O surto atual é causado pela variante Bundibugyo. Até o dia 16 de maio, a província de Ituri, na RDC, registrava oito casos confirmados em laboratório, 246 casos suspeitos e 80 óbitos em investigação. O vírus já chegou a Kampala, capital da Uganda, onde dois pacientes vindos da RDC foram internados em unidades de terapia intensiva.
Confira a reportagem abaixo para entender mais sobre o caso:
Vírus com cinquenta anos de história na região
A ebola não é uma doença nova na África; o vírus é conhecido por sumir e ressurgir diversas vezes. O vírus foi identificado pela primeira vez em 1976, durante um surto no então Zaire, atual RDC , em comunidades rurais próximas ao rio Ebola, que deu nome à doença. Desde então, a doença tem sido marcada por letalidade altíssima.
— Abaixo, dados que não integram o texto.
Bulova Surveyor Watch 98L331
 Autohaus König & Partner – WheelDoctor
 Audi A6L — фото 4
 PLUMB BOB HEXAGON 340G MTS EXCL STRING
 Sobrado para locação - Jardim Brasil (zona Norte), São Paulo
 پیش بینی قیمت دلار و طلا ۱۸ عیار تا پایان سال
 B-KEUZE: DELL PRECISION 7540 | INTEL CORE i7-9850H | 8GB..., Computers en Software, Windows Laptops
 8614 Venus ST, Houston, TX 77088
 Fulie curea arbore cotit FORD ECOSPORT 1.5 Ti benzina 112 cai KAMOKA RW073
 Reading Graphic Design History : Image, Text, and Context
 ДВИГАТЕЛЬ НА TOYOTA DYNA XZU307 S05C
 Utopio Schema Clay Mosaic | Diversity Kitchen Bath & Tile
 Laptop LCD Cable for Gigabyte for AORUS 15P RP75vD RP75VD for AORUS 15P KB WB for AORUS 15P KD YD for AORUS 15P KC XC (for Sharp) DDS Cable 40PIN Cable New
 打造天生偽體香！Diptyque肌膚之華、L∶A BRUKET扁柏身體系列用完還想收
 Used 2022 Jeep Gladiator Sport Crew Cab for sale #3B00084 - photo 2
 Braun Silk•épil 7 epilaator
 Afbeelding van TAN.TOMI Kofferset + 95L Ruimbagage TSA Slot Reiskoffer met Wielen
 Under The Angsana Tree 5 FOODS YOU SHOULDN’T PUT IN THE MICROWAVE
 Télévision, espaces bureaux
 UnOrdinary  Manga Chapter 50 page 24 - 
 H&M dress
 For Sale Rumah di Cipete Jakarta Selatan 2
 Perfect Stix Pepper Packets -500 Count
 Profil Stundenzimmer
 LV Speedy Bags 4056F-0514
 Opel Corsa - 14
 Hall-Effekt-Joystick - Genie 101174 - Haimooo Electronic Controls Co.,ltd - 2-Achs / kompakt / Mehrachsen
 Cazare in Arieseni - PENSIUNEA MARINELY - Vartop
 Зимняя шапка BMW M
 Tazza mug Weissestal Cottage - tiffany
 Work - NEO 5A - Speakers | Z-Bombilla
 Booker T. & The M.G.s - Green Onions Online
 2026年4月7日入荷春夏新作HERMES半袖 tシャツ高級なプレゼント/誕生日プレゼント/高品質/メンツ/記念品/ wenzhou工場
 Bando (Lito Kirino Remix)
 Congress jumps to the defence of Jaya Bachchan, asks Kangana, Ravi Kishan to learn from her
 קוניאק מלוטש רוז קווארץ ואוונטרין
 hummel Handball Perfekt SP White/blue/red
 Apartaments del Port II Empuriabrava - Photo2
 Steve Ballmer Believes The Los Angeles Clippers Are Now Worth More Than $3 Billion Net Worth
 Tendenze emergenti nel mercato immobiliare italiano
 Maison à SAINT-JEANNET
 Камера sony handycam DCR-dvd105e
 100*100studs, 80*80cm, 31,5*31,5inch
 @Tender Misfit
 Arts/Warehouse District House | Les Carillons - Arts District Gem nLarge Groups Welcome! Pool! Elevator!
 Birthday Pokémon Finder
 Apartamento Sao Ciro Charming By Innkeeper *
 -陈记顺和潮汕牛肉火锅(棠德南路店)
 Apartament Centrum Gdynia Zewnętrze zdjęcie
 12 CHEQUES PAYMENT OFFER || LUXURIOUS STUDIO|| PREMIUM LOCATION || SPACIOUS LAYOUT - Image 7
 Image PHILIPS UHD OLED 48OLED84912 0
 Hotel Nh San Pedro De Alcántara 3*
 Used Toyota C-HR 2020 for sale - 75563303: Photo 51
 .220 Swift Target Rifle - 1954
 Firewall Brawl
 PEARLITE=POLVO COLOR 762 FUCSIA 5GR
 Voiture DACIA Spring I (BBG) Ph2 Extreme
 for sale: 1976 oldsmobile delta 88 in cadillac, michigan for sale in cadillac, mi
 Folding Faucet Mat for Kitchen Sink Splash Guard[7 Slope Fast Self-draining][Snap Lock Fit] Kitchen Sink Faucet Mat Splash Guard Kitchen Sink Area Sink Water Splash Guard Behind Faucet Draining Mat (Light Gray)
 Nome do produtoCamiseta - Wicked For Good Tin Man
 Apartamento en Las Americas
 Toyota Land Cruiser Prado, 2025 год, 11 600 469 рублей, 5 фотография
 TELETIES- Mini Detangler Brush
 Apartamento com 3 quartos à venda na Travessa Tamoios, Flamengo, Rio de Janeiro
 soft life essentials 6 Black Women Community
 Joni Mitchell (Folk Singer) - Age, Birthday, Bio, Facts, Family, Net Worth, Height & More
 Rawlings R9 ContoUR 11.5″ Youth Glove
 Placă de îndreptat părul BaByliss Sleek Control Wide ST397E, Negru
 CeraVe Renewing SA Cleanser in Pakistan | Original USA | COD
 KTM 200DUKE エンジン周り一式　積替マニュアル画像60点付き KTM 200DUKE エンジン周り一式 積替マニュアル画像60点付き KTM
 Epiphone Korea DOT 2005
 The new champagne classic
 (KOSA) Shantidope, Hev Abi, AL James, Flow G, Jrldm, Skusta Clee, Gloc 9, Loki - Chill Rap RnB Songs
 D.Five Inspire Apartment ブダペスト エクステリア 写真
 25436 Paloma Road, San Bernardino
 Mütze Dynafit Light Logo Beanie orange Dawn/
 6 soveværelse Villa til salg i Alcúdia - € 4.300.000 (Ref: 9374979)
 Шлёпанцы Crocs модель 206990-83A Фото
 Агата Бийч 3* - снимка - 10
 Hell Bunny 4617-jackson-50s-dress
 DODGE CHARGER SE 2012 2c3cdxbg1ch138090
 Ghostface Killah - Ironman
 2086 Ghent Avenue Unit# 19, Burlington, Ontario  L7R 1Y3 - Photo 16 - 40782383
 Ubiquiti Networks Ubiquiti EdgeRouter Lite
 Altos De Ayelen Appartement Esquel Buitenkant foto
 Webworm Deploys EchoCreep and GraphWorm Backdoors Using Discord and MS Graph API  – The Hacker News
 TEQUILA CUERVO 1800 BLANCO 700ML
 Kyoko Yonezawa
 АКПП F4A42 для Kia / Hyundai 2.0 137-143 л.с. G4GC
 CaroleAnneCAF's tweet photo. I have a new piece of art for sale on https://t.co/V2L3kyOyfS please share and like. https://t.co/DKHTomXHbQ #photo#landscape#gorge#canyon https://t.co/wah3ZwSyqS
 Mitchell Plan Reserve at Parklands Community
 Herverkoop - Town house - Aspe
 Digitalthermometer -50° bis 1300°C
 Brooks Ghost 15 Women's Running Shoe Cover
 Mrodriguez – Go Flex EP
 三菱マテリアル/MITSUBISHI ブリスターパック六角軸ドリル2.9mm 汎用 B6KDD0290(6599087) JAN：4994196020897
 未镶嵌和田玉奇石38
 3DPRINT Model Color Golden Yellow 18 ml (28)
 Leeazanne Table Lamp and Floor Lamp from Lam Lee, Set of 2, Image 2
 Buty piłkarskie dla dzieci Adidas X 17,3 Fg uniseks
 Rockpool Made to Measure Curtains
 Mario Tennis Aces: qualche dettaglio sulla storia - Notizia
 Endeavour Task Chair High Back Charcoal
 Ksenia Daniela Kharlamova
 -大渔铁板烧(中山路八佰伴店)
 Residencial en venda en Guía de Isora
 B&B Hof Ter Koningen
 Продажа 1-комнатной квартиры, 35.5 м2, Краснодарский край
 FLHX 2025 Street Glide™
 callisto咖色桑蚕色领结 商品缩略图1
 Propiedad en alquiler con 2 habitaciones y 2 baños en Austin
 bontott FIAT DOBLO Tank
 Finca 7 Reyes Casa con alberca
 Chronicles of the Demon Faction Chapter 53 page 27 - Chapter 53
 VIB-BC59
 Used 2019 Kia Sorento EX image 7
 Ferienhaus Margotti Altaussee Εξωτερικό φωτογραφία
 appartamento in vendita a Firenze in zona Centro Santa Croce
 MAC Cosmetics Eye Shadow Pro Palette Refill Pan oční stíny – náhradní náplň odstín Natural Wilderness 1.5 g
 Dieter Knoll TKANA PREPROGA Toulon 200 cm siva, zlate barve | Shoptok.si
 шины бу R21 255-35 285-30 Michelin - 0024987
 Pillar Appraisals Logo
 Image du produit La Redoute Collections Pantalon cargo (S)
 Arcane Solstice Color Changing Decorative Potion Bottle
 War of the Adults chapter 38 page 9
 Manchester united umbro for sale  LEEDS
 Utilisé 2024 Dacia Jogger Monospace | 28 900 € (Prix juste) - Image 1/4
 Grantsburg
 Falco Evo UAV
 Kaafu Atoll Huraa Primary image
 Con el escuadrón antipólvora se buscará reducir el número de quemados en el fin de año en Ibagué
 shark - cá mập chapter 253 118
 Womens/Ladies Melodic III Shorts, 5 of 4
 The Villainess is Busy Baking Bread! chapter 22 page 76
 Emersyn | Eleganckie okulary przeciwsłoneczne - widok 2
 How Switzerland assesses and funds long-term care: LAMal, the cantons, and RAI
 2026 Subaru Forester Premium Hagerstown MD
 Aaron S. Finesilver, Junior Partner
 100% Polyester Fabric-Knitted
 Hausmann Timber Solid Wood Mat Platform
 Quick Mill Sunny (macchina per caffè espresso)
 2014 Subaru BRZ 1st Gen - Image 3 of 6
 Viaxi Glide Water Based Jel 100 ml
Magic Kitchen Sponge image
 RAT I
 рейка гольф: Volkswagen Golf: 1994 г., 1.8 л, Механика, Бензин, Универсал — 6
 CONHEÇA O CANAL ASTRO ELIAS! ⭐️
A transmissão para humanos ocorre por meio do contato com animais silvestres infectados, como morcegos frutívoros e primatas. Entre pessoas, o vírus se espalha por meio do contato direto com sangue e fluidos corporais.
Durante décadas, os surtos ficaram restritos a regiões isoladas. O cenário atual, porém, é diferente. O vírus cruzou fronteiras internacionais e avançou para zonas urbanas e semiurbanas, o que dificulta o controle e amplia o risco de dispersão.
A infectologista Dra. Sumire Sakabe, do Hospital Nove de Julho, da Rede Américas, aponta que ainda há muito o que é desconhecido sobre o alcance do surto. Segundo ela, a presença de casos em áreas diversas e a morte de quatro profissionais de saúde levantam suspeitas de transmissão no interior dos serviços de saúde.
Por que ficou mais difícil combater a doença?
Historicamente, o enfrentamento ao ebola avançou com o desenvolvimento de vacinas contra a variante Ebola-Zaire, responsável pelas epidemias de 2018 e 2019. O problema é que não há imunizantes nem terapias aprovadas contra a cepa Bundibugyo, que está em circulação atualmente.
Além disso, o ambiente em que o vírus se expande é particularmente desfavorável ao controle. A instabilidade social na RDC, o deslocamento constante de populações e a fragilidade dos sistemas de saúde locais criam condições para que o ciclo do vírus se perpetue.
A OMS vai convocar seu Comitê de Emergência para definir recomendações coordenadas diante do novo patamar da crise.